Please come back, I need you... Whenever something went wrong you were always there to make me smile again. Now every time I see you its with another girl. It instantly takes away all my happiness.
I wish you could be my partner again. But I know I can't have you back. I need to move on but I can't. Just remember whatever happens you will ALWAYS be My Classy Star.
You are my heart horse and I'll never forget you for as long as I live. I'll never find another horse like you. I love you Peppy.
It's been so hard not riding Peppy anymore. He was such a big part of my life. I haven't had much time with him. I miss him so much. I cry every night.
Riley is helping me get over him but he is my heart horse. I'm so attached it's so hard to just say goodbye and move on. Losing Peppy is like losing a part of myself. I know its not like he died but I miss spending time with him. I just don't want him to forget me.
Now that I'm not as upset about not riding Peppy any longer I decided to write this...
Nearly three years ago you came into my life.

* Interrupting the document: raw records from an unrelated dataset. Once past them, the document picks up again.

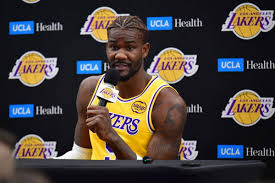 ¡Ayton vuelve! Lakers vs Mavericks: ¿Victoria asegurada en NBA Cup?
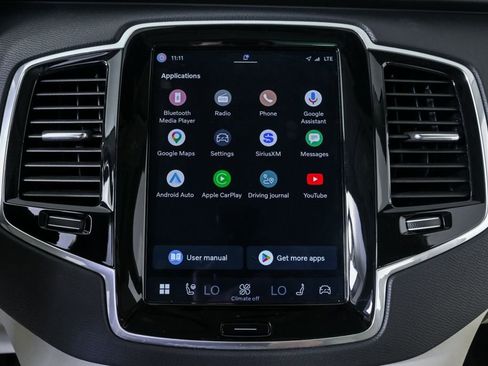 Used 2023 Volvo XC90 B5 Plus w/ Protection Package Premier image 15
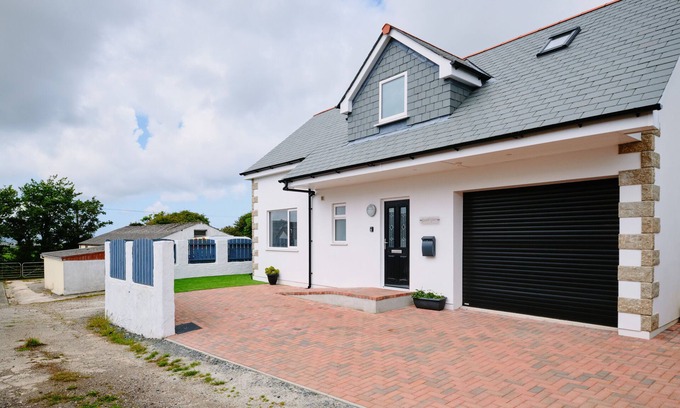 Connor Downs House | Cornwall, Sunset View, Close to Gwithian & St. Ives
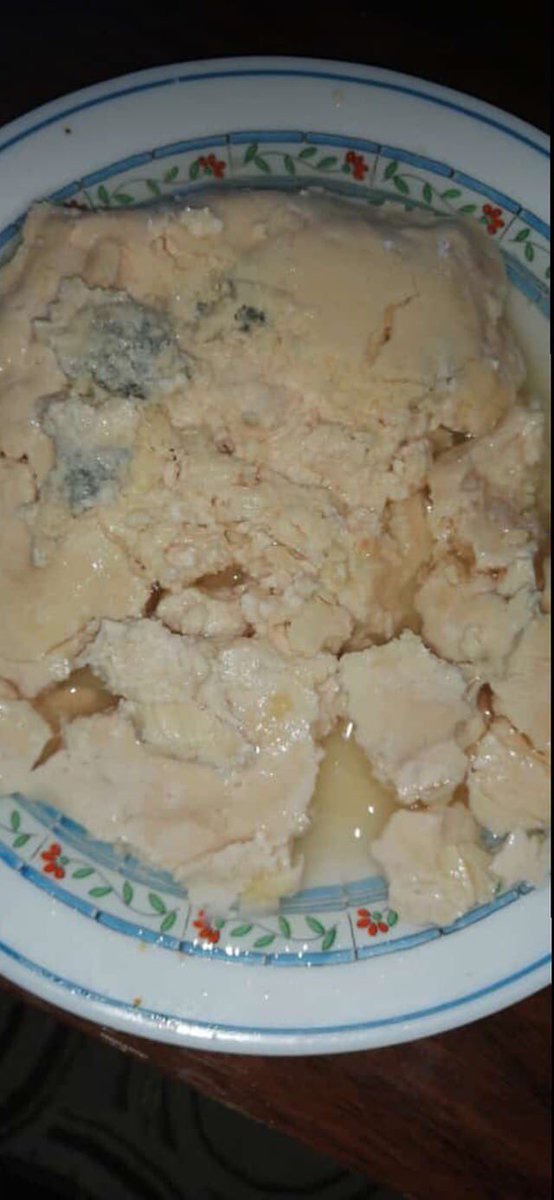 Jvpedromontt2's tweet image. Impresentable!! Como directiva recibimos el reclamo de vecina #Castro productos de cajas junaeb  se encuentran en mal estado. Deberían implementar modalidad Tícket Sodexo y no entregar millonarios pagos a empresas. @Contraloriacl @EquipoJUNAEB @Int_LosLagos @ministeriosalud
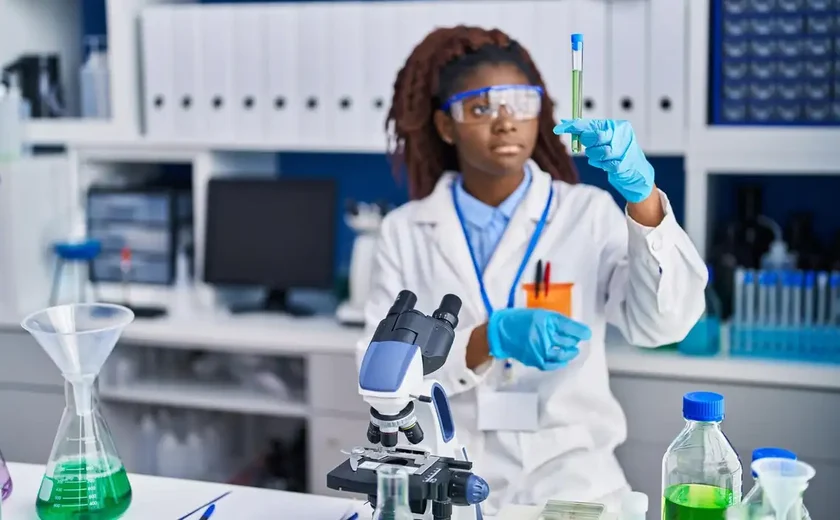 Projeto ELLAS reúne dados sobre carreiras científicas de mulheres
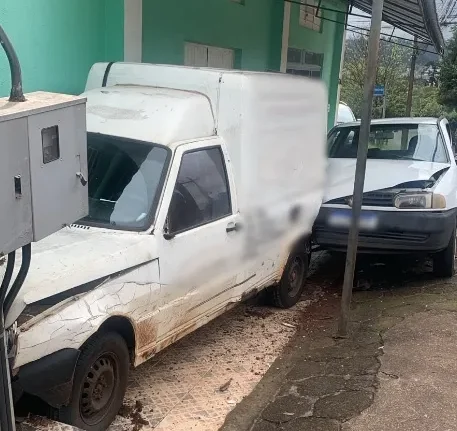 Acidente deixou veículos danificados e atingiu um poste no bairro Pinheirão - Foto Carlos Ribeiro Portal Beltrão News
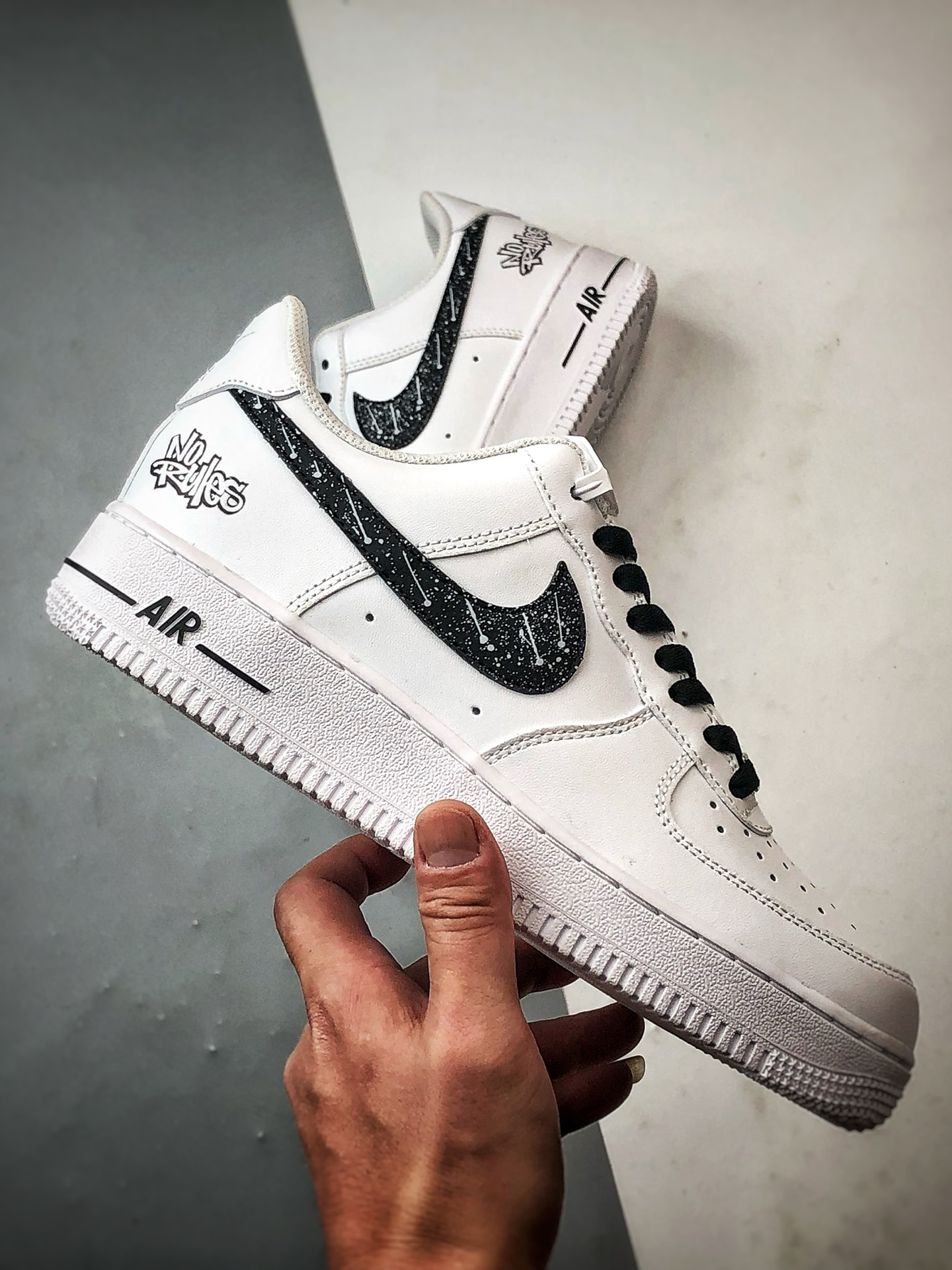 280 定制球鞋 Air Force 1 Low 星芒轨迹 白黑 经典休闲运动板鞋 ZH0316-126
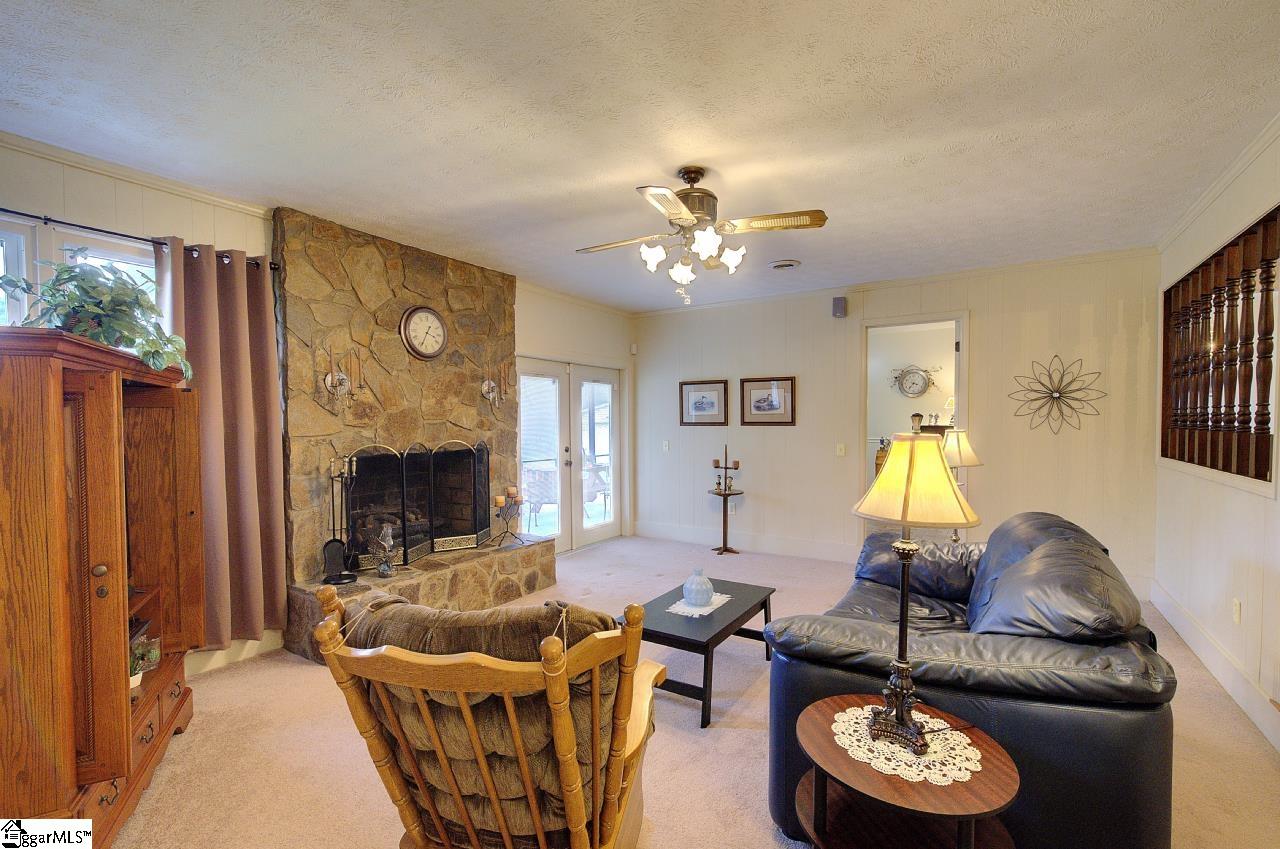 13 Dacus Drive Property Photo 7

I loved you with all of my heart and you hated me at first :) but we worked through those first months. It was so worth it. We created a bond so strong and so amazing. Something I'll never forget for as long as I live.
I began to ride you regularly in lessons and we only grew closer. When 2017 came things got even better. We started cantering and jumping and we improved so much. Then we started showing in the summer.
Summer was incredible and I knew the fall was going to be amazing.
In November, I was told I was no longer going to be riding you. I had to move onto Riley. I'm so happy and I love him to death but it still hurt to be away from you. I felt so guilty. But the other day when we were playing in the pasture I realized something. I've enjoyed hand grazing you, playing with you and teaching you tricks more than any of the rides we had. I never realized I didn't have to ride you for you to be mine.
I cry sometimes knowing we're no longer partners in the saddle but then I remind myself how much you impacted me.
I want to thank you for the challenging rides. I want to thank you for the bucks and the bites. I want to thank you for making me mad and frustrated. I want to thank you for the amazing rides that showed me why you challenged me. I want to thank you for loving me like I loved you. I want to thank you for being my best friend, my soulmate, my partner in crime and my heart horse. I love you endlessly and I can't wait for more hours in the pasture and teaching to to bow and hug.
I love you Peppy. You taught me what love meant and you taught me how to be a winner. You taught me that letting go isn't as hard as it seems. And lastly, you taught me that when a door closes a better door opens.